• **EXERCISE DETAILS**
Print out every line of the material exactly. Include no pictures.

• **DATASET SECTION**
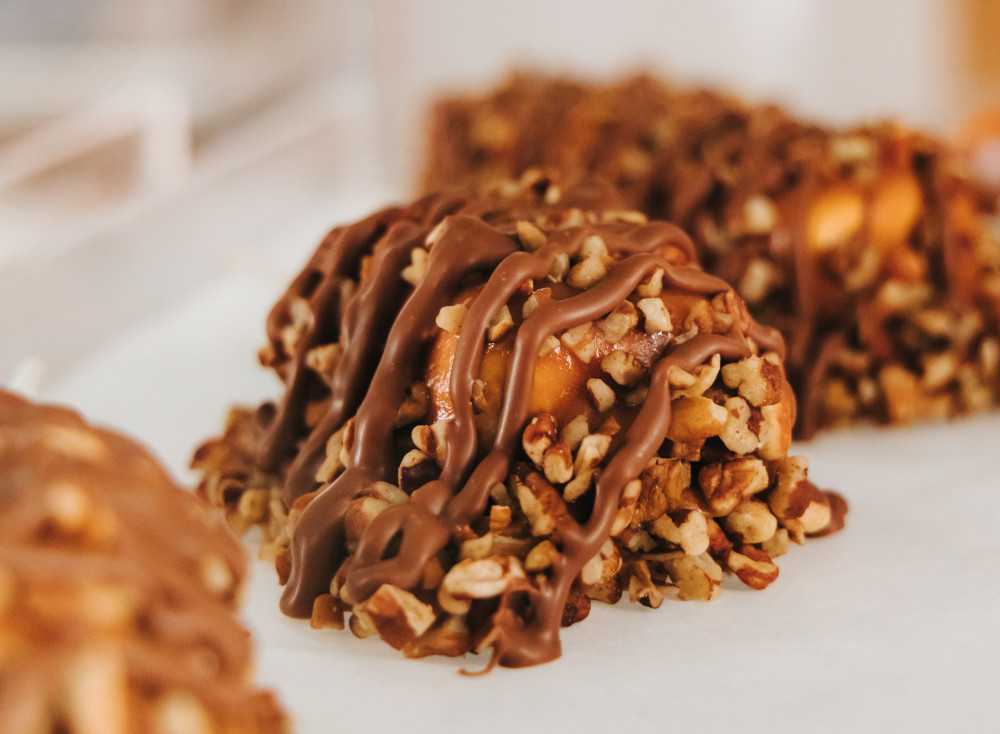 Nut goodie bars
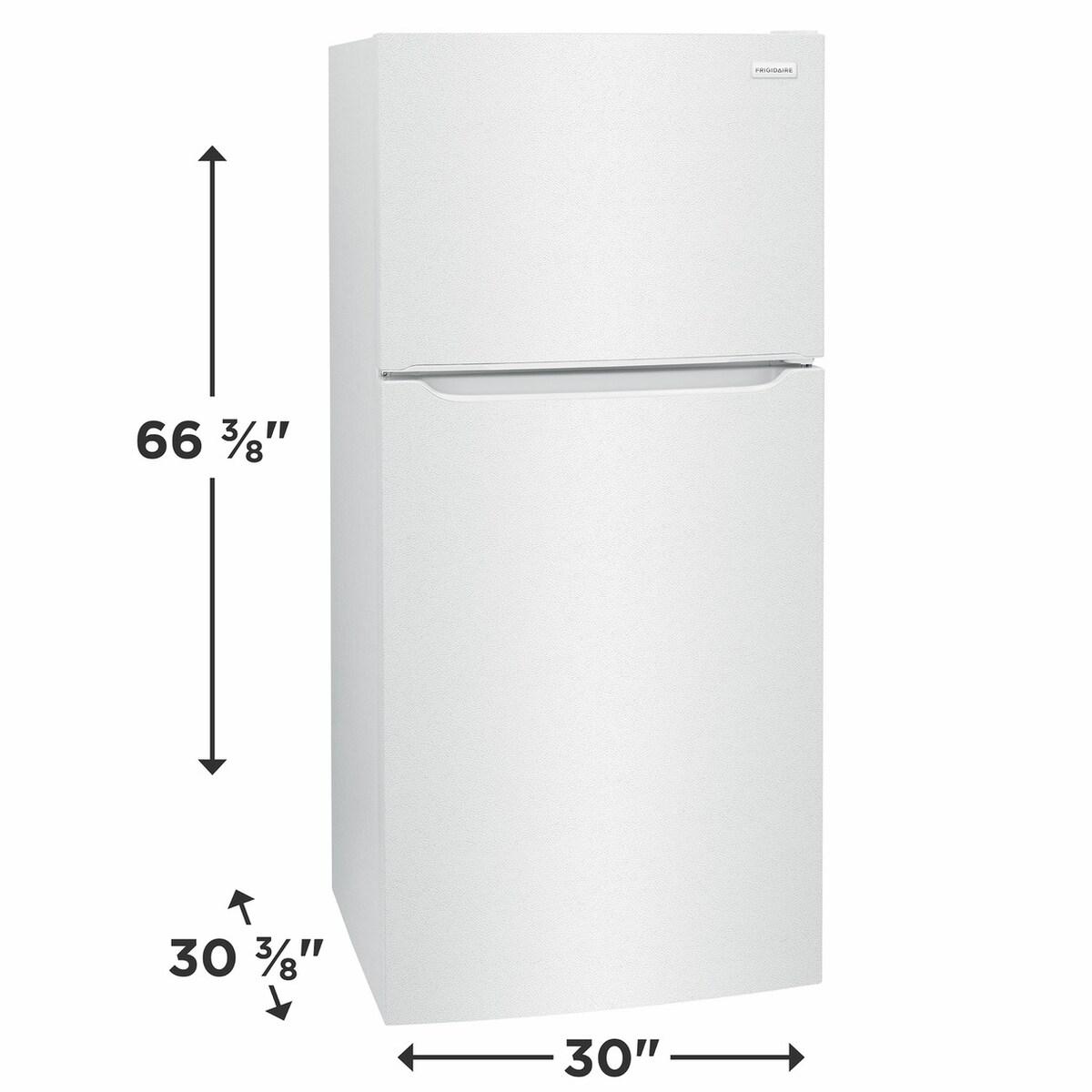 FRIGIDAIRE FFHT1814WW Frigidaire 18.3 Cu. Ft. Top Freezer Refrigerator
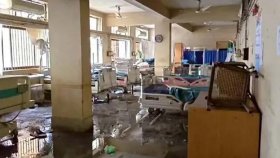 খুলনা মেডিক্যালে আগুন: সরিয়ে নেওয়ার সময় আইসিইউয়ের রোগীর মৃত্যু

• **YOUR RESPONSE**
 Nut goodie bars
 FRIGIDAIRE FFHT1814WW Frigidaire 18.3 Cu. Ft. Top Freezer Refrigerator
 খুলনা মেডিক্যালে আগুন: সরিয়ে নেওয়ার সময় আইসিইউয়ের রোগীর মৃত্যু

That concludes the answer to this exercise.